| Source material |
+ + + + +
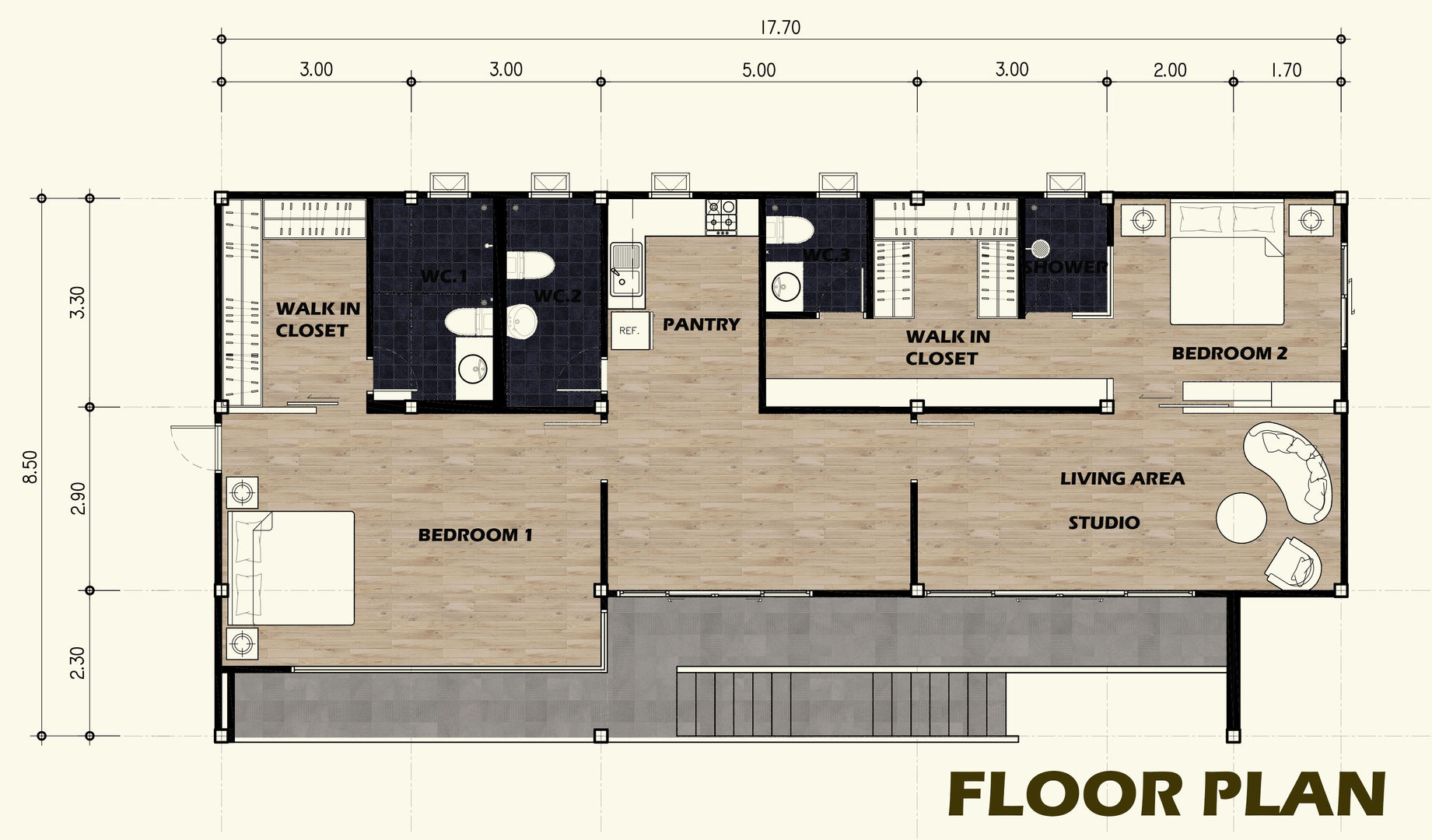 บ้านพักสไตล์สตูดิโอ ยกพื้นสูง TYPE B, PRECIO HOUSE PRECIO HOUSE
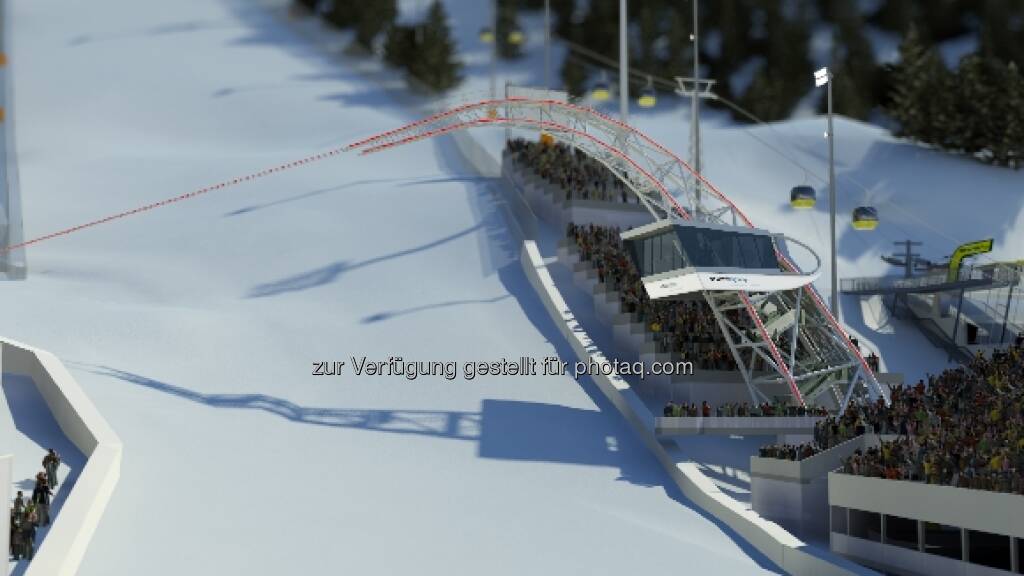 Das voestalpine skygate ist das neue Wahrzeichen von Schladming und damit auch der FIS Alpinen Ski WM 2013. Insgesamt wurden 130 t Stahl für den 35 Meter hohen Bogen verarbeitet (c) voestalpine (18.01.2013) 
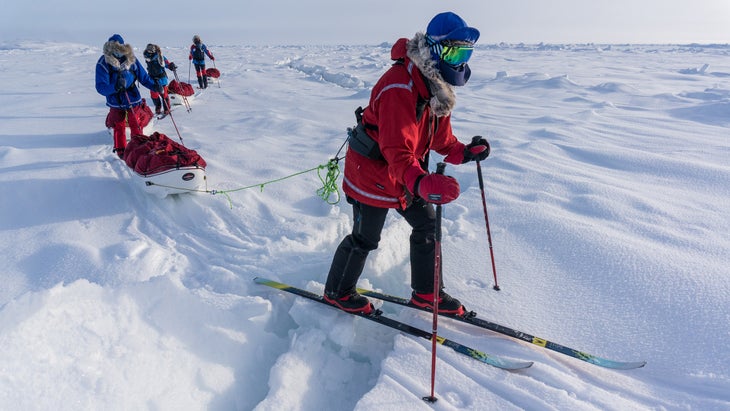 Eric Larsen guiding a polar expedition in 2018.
+ + + + +
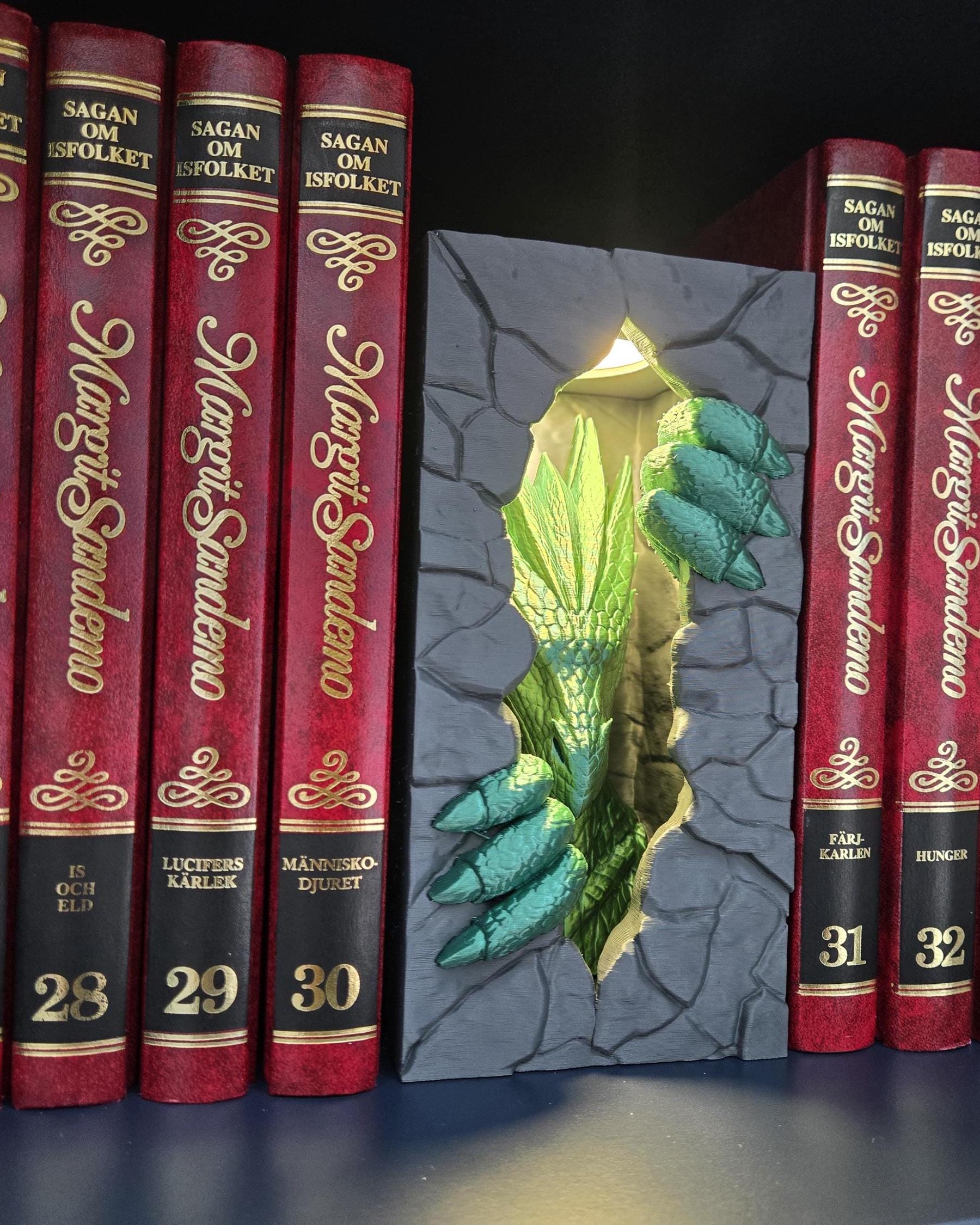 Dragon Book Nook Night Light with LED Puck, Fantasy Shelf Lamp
+ + + + +
| Task brief |
Within the listing above, the stretch from the line with "Das voestalpine skygate" down to the line with "Eric Larsen guiding" is to be given again exactly, end lines included and pictures excluded.

| Solution to this exercise |
 Das voestalpine skygate ist das neue Wahrzeichen von Schladming und damit auch der FIS Alpinen Ski WM 2013. Insgesamt wurden 130 t Stahl für den 35 Meter hohen Bogen verarbeitet (c) voestalpine (18.01.2013) 
 Eric Larsen guiding a polar expedition in 2018.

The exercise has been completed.